2. Ergänzend weist der Senat auf Folgendes hin:

a) Ein unübersichtlicher Aufbau sowie an verschiedenen Stellen verstreute Feststellungen können einen durchgreifenden Mangel des Urteils darstellen, weil dann häufig die tatsächliche Grundlage des Urteils unvollständig sein wird. Zudem besteht die Gefahr, dass sich Unklarheiten und Widersprüche in die Urteilsfeststellungen einschleichen, die es dem Revisionsgericht unmöglich machen, einen bestimmten Sachverhalt seiner rechtlichen Überprüfung zugrunde zu legen. Zwar bilden die schriftlichen Entscheidungsgründe eine Einheit, deren tatsächliche Angaben auch dann berücksichtigt werden müssen, wenn sie sich in verschiedenen und dabei auch in solchen Zusammenhängen befinden, in denen sie nach dem üblichen Urteilsaufbau nicht erwartet werden (vgl. BGHR StPO § 267 Abs. 1 Satz 1, Feststellungen 1, Zusammenhang der Urteilsgründe).
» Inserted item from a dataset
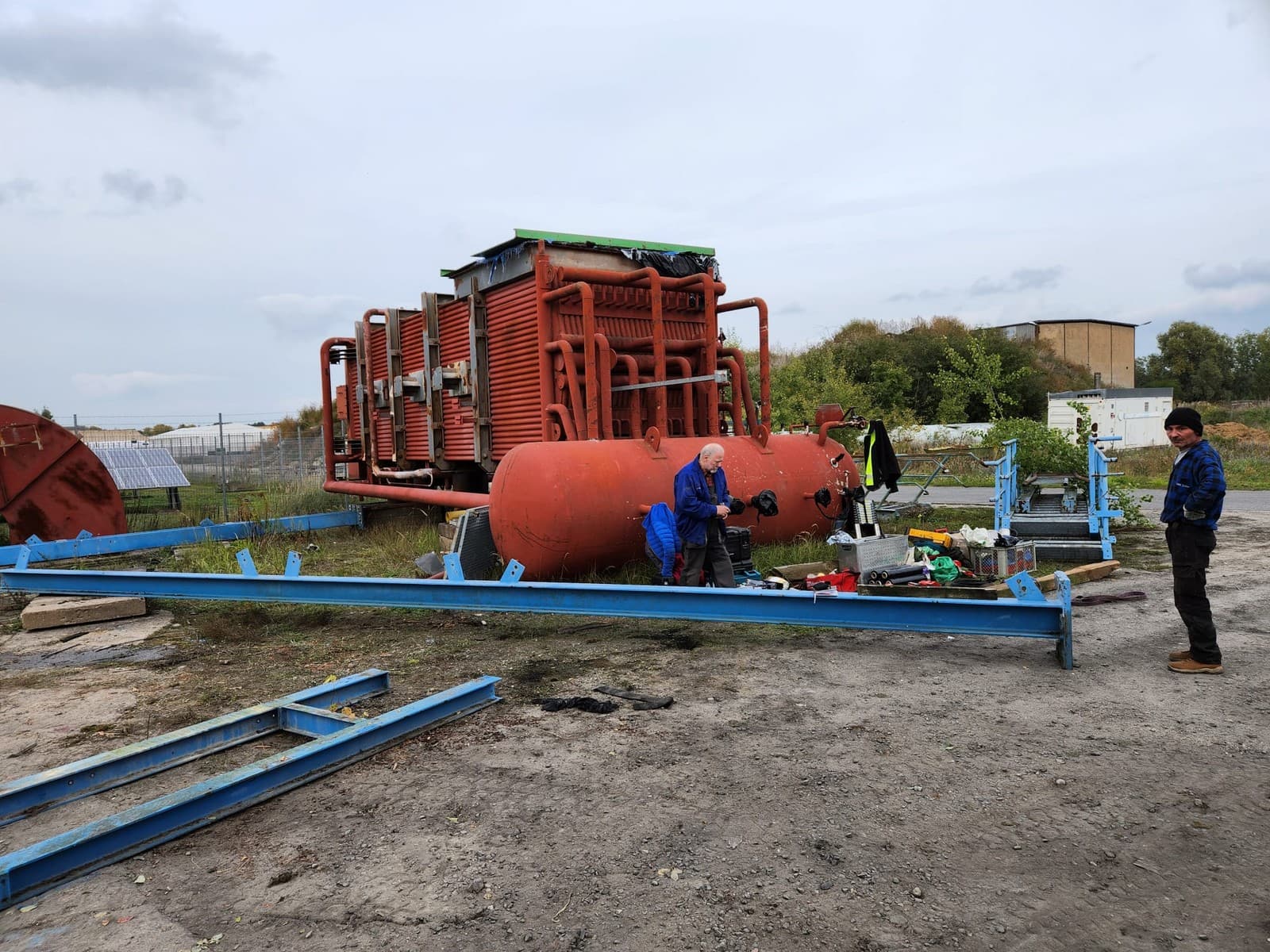 Boiler loading and shipment to Greece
Dies setzt jedoch voraus, dass sich aus der Gesamtheit der Urteilsgründe eine ausreichende tatsächliche Grundlage für die rechtliche Würdigung entnehmen lässt. Es ist nicht die Aufgabe des Revisionsgerichts, unklaren und sich widersprechenden Ausführungen in den Urteilsgründen einen den Schuldspruch möglicherweise tragenden Sinn beizulegen.

b) Bei einer - wie hier - Vielzahl angeklagter Taten und wenn mehrere Personen angeklagt sind, empfiehlt es sich, in den Feststellungen jeder einzelnen Tat eine bestimmte Ordnungszahl zuzuordnen und die Beiträge aller Beteiligten an dieser Stelle gemeinsam darzustellen (vgl. Meyer-Goßner/Appl, Die Urteile in Strafsachen, 28. Aufl. 2008, Rn. 234). Es beeinträchtigt dagegen die Klarheit und Übersichtlichkeit der Urteilsgründe, wenn im Wege eines "Mischsystems" zwar einzelne Taten einer Ordnungsnummer zugeordnet, unter anderen Ordnungsnummern aber eine Vielzahl von - auch nicht abgeurteilten - Einzeltaten zusammengefasst und unter weiteren Ziffern die Tatbeiträge der einzelnen Beteiligten - teilweise - voneinander getrennt abgehandelt werden.

c) Besteht aus Sicht des Tatgerichts Anlass, Straftaten zu schildern, die nicht Gegenstand des Schuldspruchs sind - z.B. solche, die gemäß § 154 Abs. 2 StPO aus dem Verfahrensstoff ausgeschieden wurden oder solche, die nicht angeklagt waren, in der Hauptverhandlung aber zu Tage getreten sind -, sollten diese in der Darstellung deutlich von den konkret abgeurteilten Taten geschieden werden, um Missverständnisse und Unklarheiten zu vermeiden.

d) Der neue Tatrichter wird zu beachten haben, dass die Formulierungen im Urteil, die Angeklagte S. sei "selbst betäubungsmittelabhängig" (UA S. 60) und habe die Taten "aufgrund ihrer Betäubungsmittelabhängigkeit begangen" (UA S. 63) zur Prüfung der - vom Landgericht nicht erörterten - Frage drängen, ob ihre Unterbringung in einer Entziehungsanstalt gemäß § 64 StGB anzuordnen ist. Von der Unterbringung nach § 64 StGB darf nicht abgesehen werden, weil der Tatrichter - wie in den Urteilsgründen ausgeführt - "bereits jetzt" einer Zurückstellung der Vollstreckung nach § 35 BtMG zustimmt. Die Unterbringungsanordnung nach § 64 StGB geht der allein dem Vollstreckungsverfahren vorbehaltenen Zurückstellung nach § 35 BtMG vor (BGH StV 2008, 405 f.).